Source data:
"""

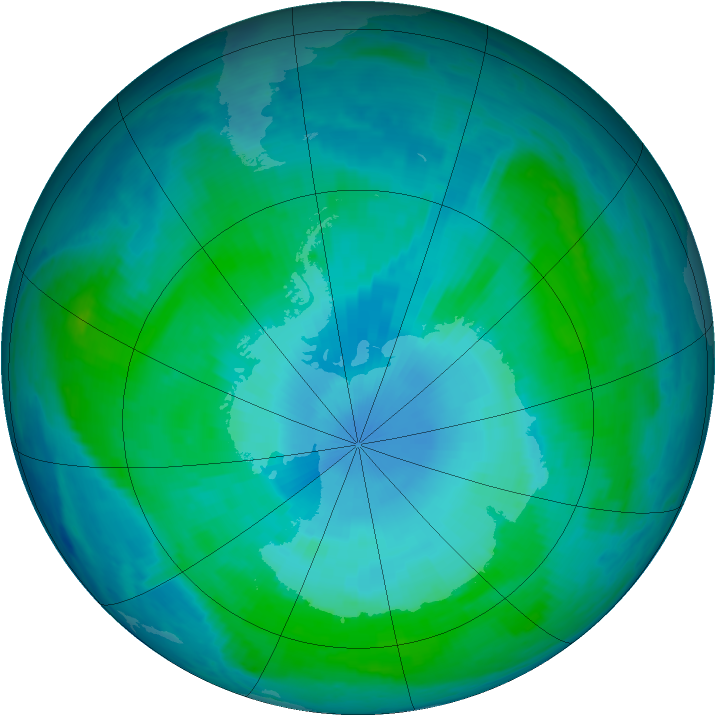 Antarctic ozone map for 26 January 1999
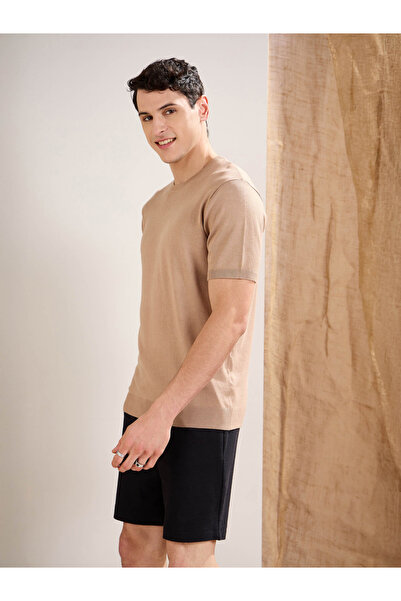 Mascln Sassafras By Styli Beige Premium Knit Short Sleeve T-Shirt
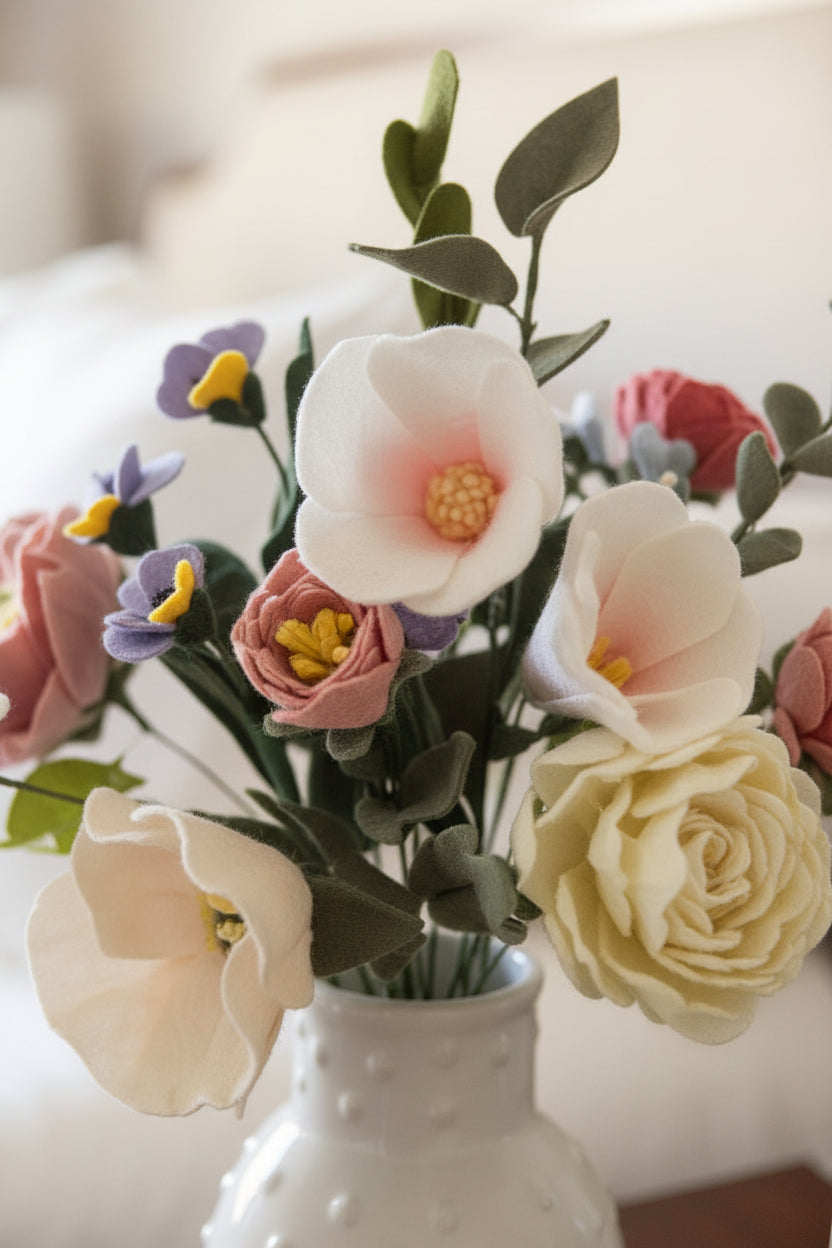 A styled bedroom scene with a neatly made bed in white linens, a wooden nightstand in the foreground, and a textured white vase holding a bouquet of pink, cream, and peach flowers. A small card and framed picture sit on the nightstand.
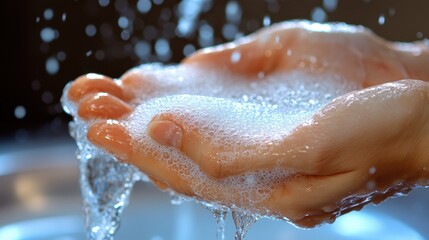 Fototapeta premium Close-up of hands washing with soap and water to prevent illness.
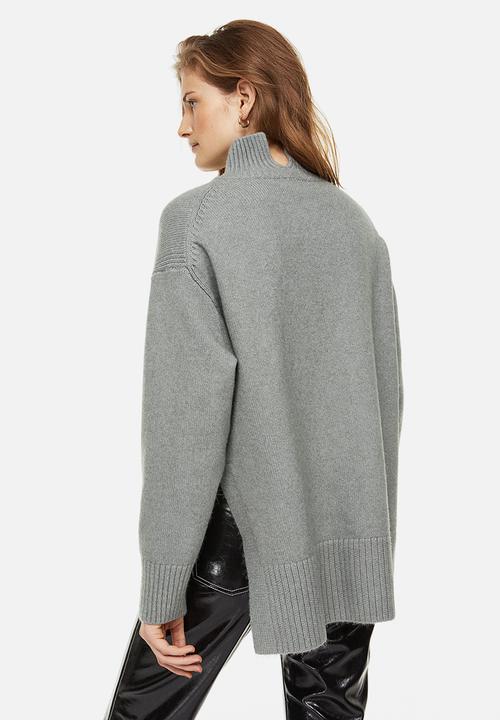 H&M - Oversized polo-neck jumper - dusty green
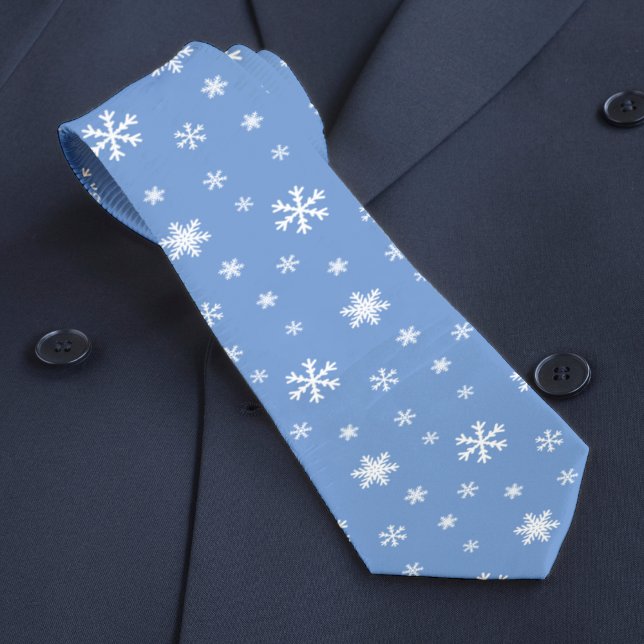 Winter Snowflake Muster Licht Weihnachten Krawatte (Winter Snowflake Pattern Light Blue Christmas Neck Tie)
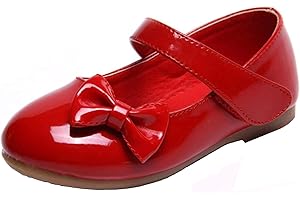 WUIWUIYU Girl's Sweet Flower Princess Shoes Flat Mary Janes(Toddler/Little Kid/Big Kid)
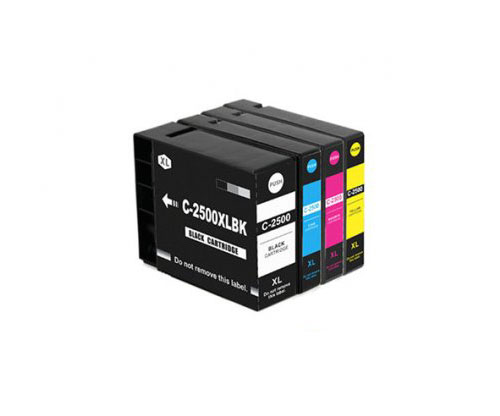 4 Cartuchos de Tinta Compatibles, Canon PGI-2500 XLBK Negro 74.6ml + Colores 20.4ml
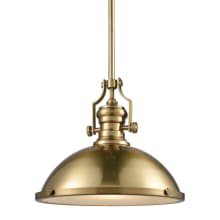 Chadwick Single Light 17" Wide Pendant with Metal Dome Shade with Frosted Glass Diffuser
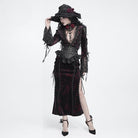 DEVIL FASHION Women's Gothic Velvet Plunging V-Neck Lace Mesh Long Sleeve Dress Black-Red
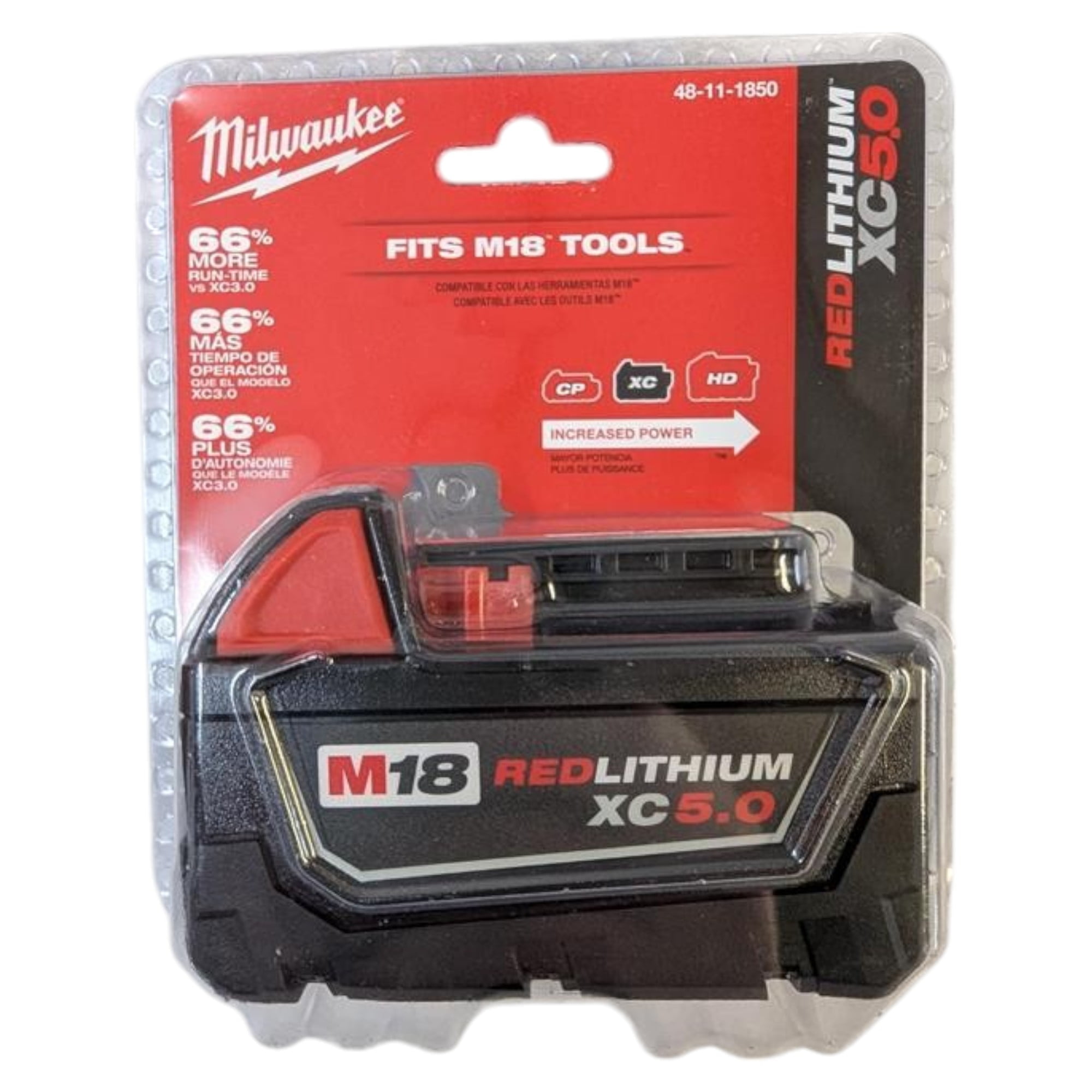 Milwaukee 48-11-1850 M18 REDLITHIUM XC 5.0Ah Battery Pack – 18V Lithium-Ion Rechargeable Power Tool Battery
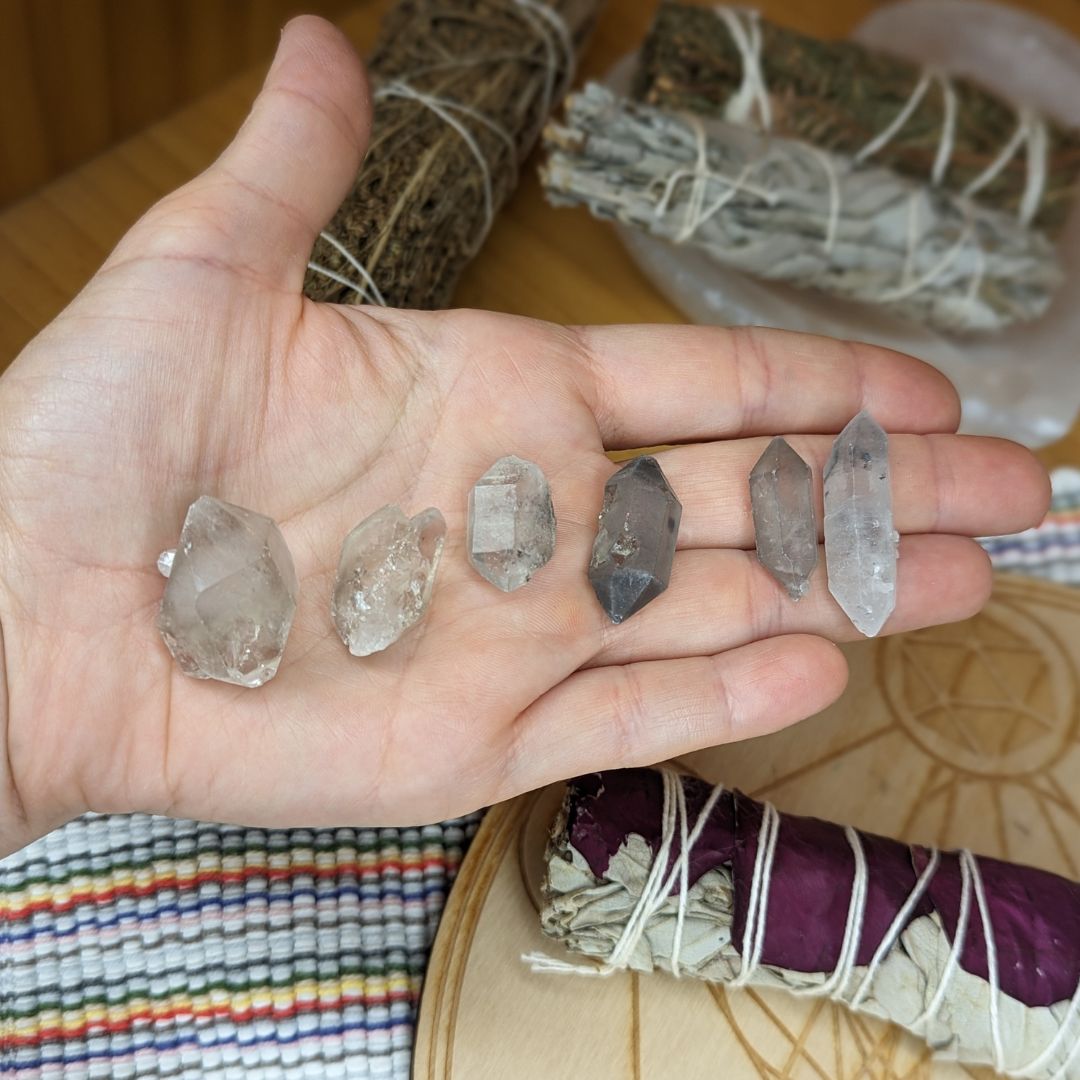 One Small Tibetan Quartz Double Terminated Crystals for Massive Aura Cleansing and Balancing Effect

"""

TASK INSTRUCTIONS: Could all the data above be given again exactly, leaving out its images?

SOLUTION FOR THIS TASK:
 Antarctic ozone map for 26 January 1999
 Mascln Sassafras By Styli Beige Premium Knit Short Sleeve T-Shirt
 A styled bedroom scene with a neatly made bed in white linens, a wooden nightstand in the foreground, and a textured white vase holding a bouquet of pink, cream, and peach flowers. A small card and framed picture sit on the nightstand.
 Fototapeta premium Close-up of hands washing with soap and water to prevent illness.
 H&M - Oversized polo-neck jumper - dusty green
 Winter Snowflake Muster Licht Weihnachten Krawatte (Winter Snowflake Pattern Light Blue Christmas Neck Tie)
 WUIWUIYU Girl's Sweet Flower Princess Shoes Flat Mary Janes(Toddler/Little Kid/Big Kid)
 4 Cartuchos de Tinta Compatibles, Canon PGI-2500 XLBK Negro 74.6ml + Colores 20.4ml
 Chadwick Single Light 17" Wide Pendant with Metal Dome Shade with Frosted Glass Diffuser
 DEVIL FASHION Women's Gothic Velvet Plunging V-Neck Lace Mesh Long Sleeve Dress Black-Red
 Milwaukee 48-11-1850 M18 REDLITHIUM XC 5.0Ah Battery Pack – 18V Lithium-Ion Rechargeable Power Tool Battery
 One Small Tibetan Quartz Double Terminated Crystals for Massive Aura Cleansing and Balancing Effect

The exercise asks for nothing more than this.